-- Source information --
************
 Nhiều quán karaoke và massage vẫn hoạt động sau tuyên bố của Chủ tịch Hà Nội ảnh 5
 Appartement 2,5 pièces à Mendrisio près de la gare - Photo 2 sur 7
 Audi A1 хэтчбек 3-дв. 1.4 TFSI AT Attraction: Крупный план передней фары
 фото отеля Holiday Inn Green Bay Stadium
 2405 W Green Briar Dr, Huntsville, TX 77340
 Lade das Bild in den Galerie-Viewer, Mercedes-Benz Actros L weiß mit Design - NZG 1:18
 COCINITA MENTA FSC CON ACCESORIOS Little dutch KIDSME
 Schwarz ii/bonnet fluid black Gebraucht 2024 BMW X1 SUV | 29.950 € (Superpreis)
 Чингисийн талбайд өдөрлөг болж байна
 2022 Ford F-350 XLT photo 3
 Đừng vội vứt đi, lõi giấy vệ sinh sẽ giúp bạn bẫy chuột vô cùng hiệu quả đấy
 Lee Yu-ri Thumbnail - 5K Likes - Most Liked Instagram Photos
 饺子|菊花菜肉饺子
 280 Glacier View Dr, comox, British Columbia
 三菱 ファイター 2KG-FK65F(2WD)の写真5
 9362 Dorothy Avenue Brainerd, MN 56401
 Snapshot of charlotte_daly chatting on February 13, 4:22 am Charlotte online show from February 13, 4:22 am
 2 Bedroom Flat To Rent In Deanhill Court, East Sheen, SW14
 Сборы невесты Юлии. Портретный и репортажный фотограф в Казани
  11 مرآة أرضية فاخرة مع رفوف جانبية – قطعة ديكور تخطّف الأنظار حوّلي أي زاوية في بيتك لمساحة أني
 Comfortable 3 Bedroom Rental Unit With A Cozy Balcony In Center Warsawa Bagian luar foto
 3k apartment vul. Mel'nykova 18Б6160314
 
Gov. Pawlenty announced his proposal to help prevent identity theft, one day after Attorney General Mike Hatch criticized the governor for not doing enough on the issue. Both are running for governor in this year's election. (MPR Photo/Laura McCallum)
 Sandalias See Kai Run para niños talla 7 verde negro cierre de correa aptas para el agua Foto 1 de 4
************
-- Activity --
From the line that contains "11 مرآة أرضية" down to the final line of the entries, print every line exactly as it is, and only those lines.

-- Exercise solution --
  11 مرآة أرضية فاخرة مع رفوف جانبية – قطعة ديكور تخطّف الأنظار حوّلي أي زاوية في بيتك لمساحة أني
 Comfortable 3 Bedroom Rental Unit With A Cozy Balcony In Center Warsawa Bagian luar foto
 3k apartment vul. Mel'nykova 18Б6160314
 
Gov. Pawlenty announced his proposal to help prevent identity theft, one day after Attorney General Mike Hatch criticized the governor for not doing enough on the issue. Both are running for governor in this year's election. (MPR Photo/Laura McCallum)
 Sandalias See Kai Run para niños talla 7 verde negro cierre de correa aptas para el agua Foto 1 de 4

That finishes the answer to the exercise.